> RAW DATA:
=-=-=-=-=
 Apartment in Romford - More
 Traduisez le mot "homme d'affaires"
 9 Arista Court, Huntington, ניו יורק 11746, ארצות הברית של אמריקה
=-=-=-=-=
> REQUIREMENT: From first line to last, transcribe the material exactly.

> ANSWER TO THIS EXERCISE:
 Apartment in Romford - More
 Traduisez le mot "homme d'affaires"
 9 Arista Court, Huntington, ניו יורק 11746, ארצות הברית של אמריקה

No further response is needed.